Prof. Barton J. Bernstein of Stanford University has made some important contributions to our understanding of American history, but his article (Opinion, Oct. 27), "New Look at the Cuban Missile Crisis," is not one of them. Rather, he has repeated some longstanding criticisms of President John F. Kennedy's handling of that crisis and has provided no new evidence from "newly declassified" documents to support them.

There is no denying the sense of danger and high tension that pervaded Washington in those days in 1962, nor is there anything new in noting it. Bernstein's conclusion that private negotiations with the Soviets would have been preferable to the quarantine ignores the Soviet foreign minister's flat denial, in private conversations with Kennedy only a day before the President's announcement, that offensive missiles were being placed in Cuba.

Kennedy knew that Andrei Gromyko was not telling the truth and logically concluded that the Soviets intended to hide what they were doing. Negotiations would have delayed any American response, probably until the missiles were operational. And that was something that Kennedy and his advisers felt they had to avoid because once the missiles were in place the American negotiating position would have been radically worsened.

Bernstein's contention that the location of Soviet intermediate-range ballistic missiles in Cuba did not shift the nuclear balance against the United States is based on the kind of reasoning that has driven the arms race he has so eloquently and frequently condemned. The strategic balance is not based merely upon the number of missiles each side aims at its rival. In the early 1960s missiles were much less accurate than they are today, and so were properly considered counter-value, rather than counter-force weapons.

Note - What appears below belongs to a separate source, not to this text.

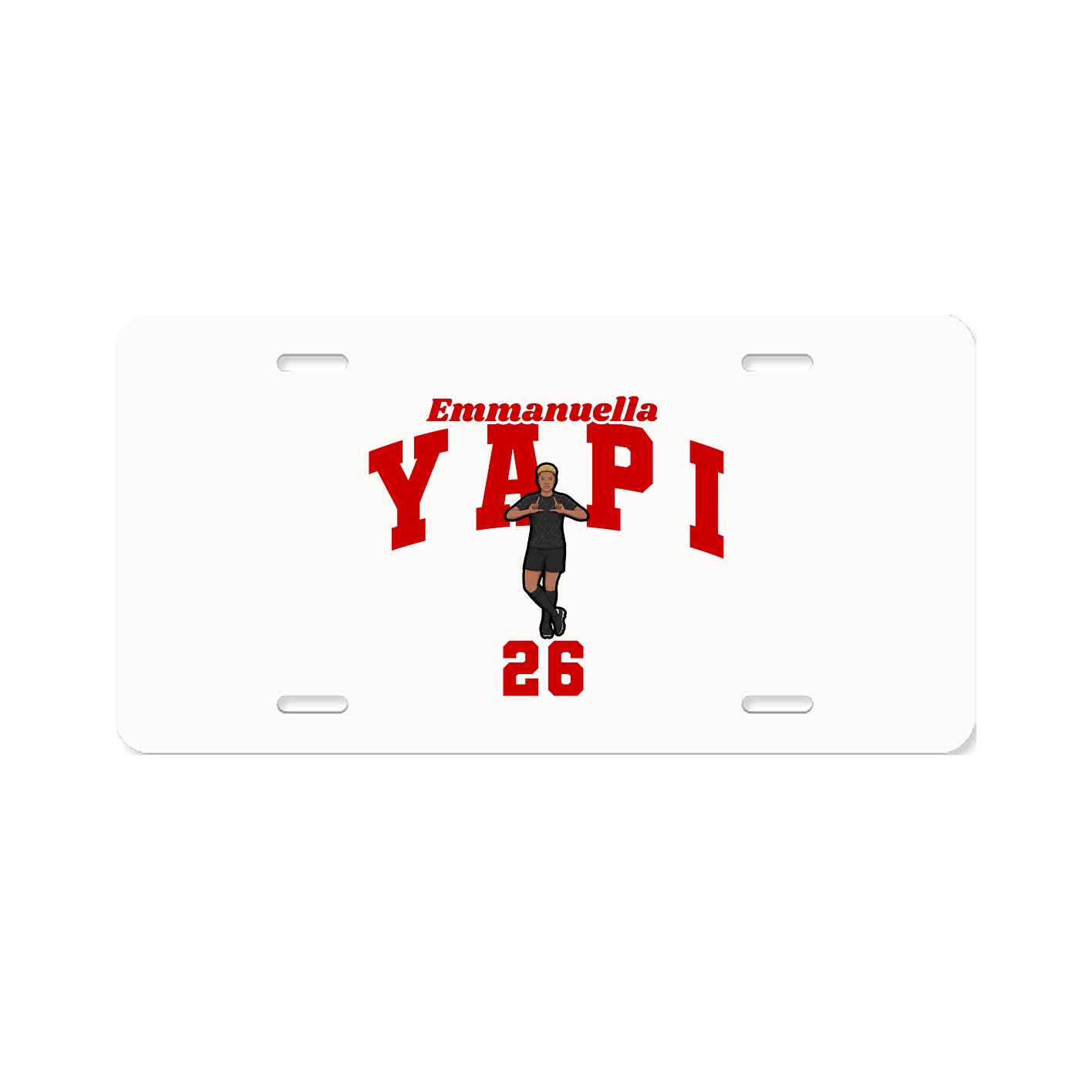 License Plate — Signature Arch in Classic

The limited range of the IRBMs, which meant that they could not hit American missile silos for a preemptive first strike, was therefore irrelevant.

Further, the IRBMs in Cuba sharply reduced the lead time available to the United States for responding to a crisis that might go nuclear. Those missiles did, in other words, mean an important change in the status quo, a destabilization of the strategic situation that was sudden and unilateral. That sort of the destabilization is the source of the greatest danger of nuclear war (witness the current debate over "Star Wars"), and that is what provoked the American response.

Of course considerations of national prestige and even domestic politics were involved, but the Cuban missile crisis was the product of Soviet adventurism, of Nikita Khrushchev's attempt to exploit what he believed was the weakness of the President and of the American system in order to achieve some clear advantage. Given the possible and unknown consequences, and given the options available to him, Kennedy's reaction was moderate, responsible, and thoroughly appropriate.